Le principali conseguenze dovute alla dipendenza da videogiochi possono riguardare:

  • difficoltà scolastiche e lavorative (scarsa attenzione, concentrazione, difficoltà di apprendimento ecc..);
  • compromissione dei rapporti sociali (isolamento, litigi per accaparrarsi i videogames, rapporti incentrati, specie in riferimento ai giochi di ruolo, sulla comunicazione virtuale);
  • compromissione della salute, ad esempio il sovrappeso dovute alla vita sedentaria;
  • disturbi del sonno, dell’alimentazione o dell’umore;
  • problematiche psichiche di carattere dissociativo, riduzione della facoltà di critica o scollamento dalla realtà (le tante ore passate a giocare possono creare una frattura tra il mondo reale e quello virtuale, allo stesso modo, specie in adolescenza, si può compromettere il sano sviluppo dell’identità);
  • problematiche astinenziali quando il soggetto non può giocare (ricorrenti pensieri riferiti al gioco, irrequietezza, disforia ecc..);
  • tendenza a compiere azioni “illegali” (per es. bullismo) o a mentire per procurarsi i soldi per i videogiochi;
  • tendenza a trascurare altri interessi (sport, amicizie, hobby ecc..).
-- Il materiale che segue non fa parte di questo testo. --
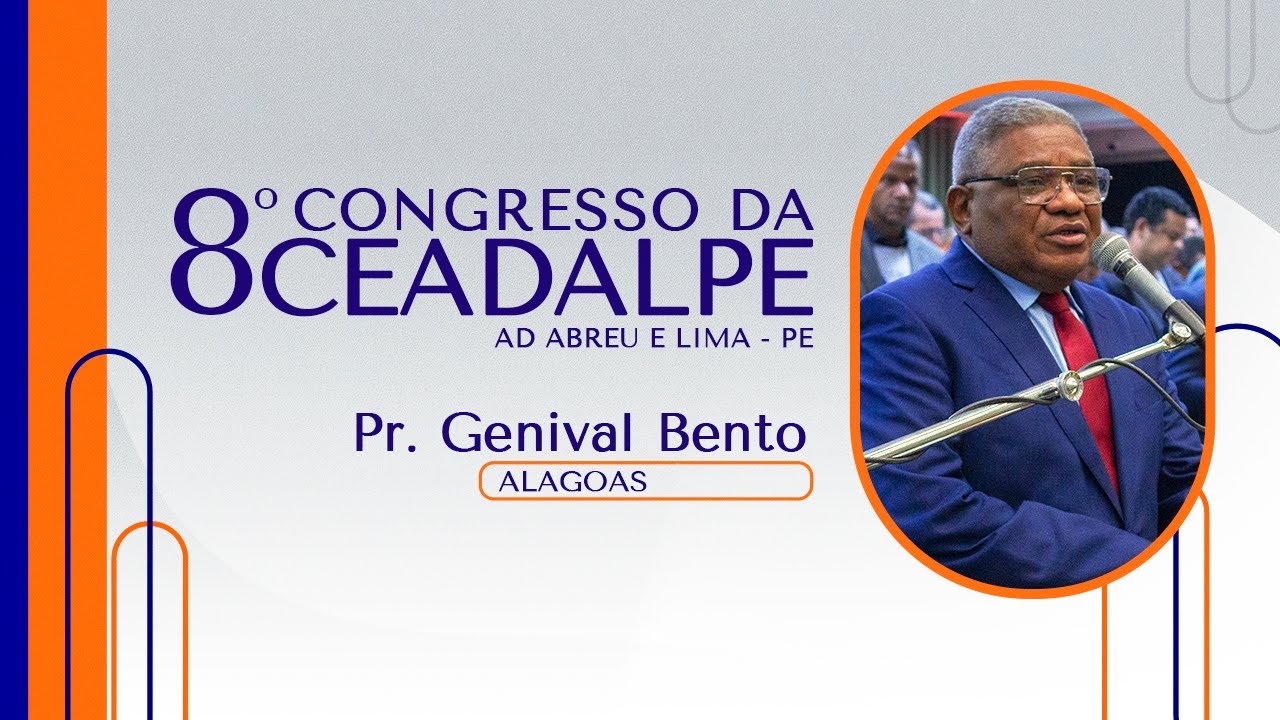 Pr. Genival Bento -  8° Congresso da Ceadalpe - Templo Central - Ieadalpe - 04/11/2024.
Al fine di controllare i rischi legati all’uso di videogiochi è possibile seguire alcune regole di comportamento che tengono sotto controllo questa tipologia di intrattenimento (Alonso-Fernandez. F., 1999):

  • La prima norma è quantitativa e riguarda il tempo impiegato nell’uso del videogioco, al quale si consiglia di non rivolgere una pratica quotidiana stabile e comunque mai superiore ad un’ora circa al giorno. Nel caso dei bambini le regole sul tempo da dedicare ai giochi devono divenire abitudini supervisionate dagli adulti;
  • Una seconda regola riguarda la qualità del consumo, ossia la necessità di effettuare, come buona abitudine, delle brevi e frequenti pause da fare almeno ogni dieci minuti circa.
  • La terza regola concerne la necessità di trascorrere solo una parte del tempo libero giocando ai videogames, lasciando spazio anche ad altre attività “reali” e “sociali”, come lo sport e gli incontri con amici. In tal modo, si prevengono sia i problemi legati alla sedentarietà che l’isolamento sociale.
  • Estremamente importante è la regola che scoraggia sempre la possibilità di rinunciare a svolgere attività fondamentali in una giornata, come dormire, mangiare, lavarsi, studiare o lavorare; al contrario, è meglio subordinare l’uso del videogioco allo svolgimento o al completamento di tali attività.

Occorre inoltre un’adeguata educazione degli adolescenti, sia verso il gioco, sia mirata alla differenziazione tra ciò che accade nel videogame e ciò che avviene nella realtà quotidiana. E’ evidente che la realtà virtuale può offrire stimoli maggiori alle personalità più deboli, consente una facile identificazione con gli eroi virtuali  dei videogames e permette di estraniarsi dalla noia, sentimento principe per molti adolescenti. Insegnare a distinguere tra queste due realtà significa dotare la persona degli strumenti necessari per sviluppare innanzitutto un senso di responsabilità ed evitare che egli si senta un estraneo nella propria quotidianità, misurando valori, emozioni e gratificazioni in relazione a questa sua attività ludica multimediale.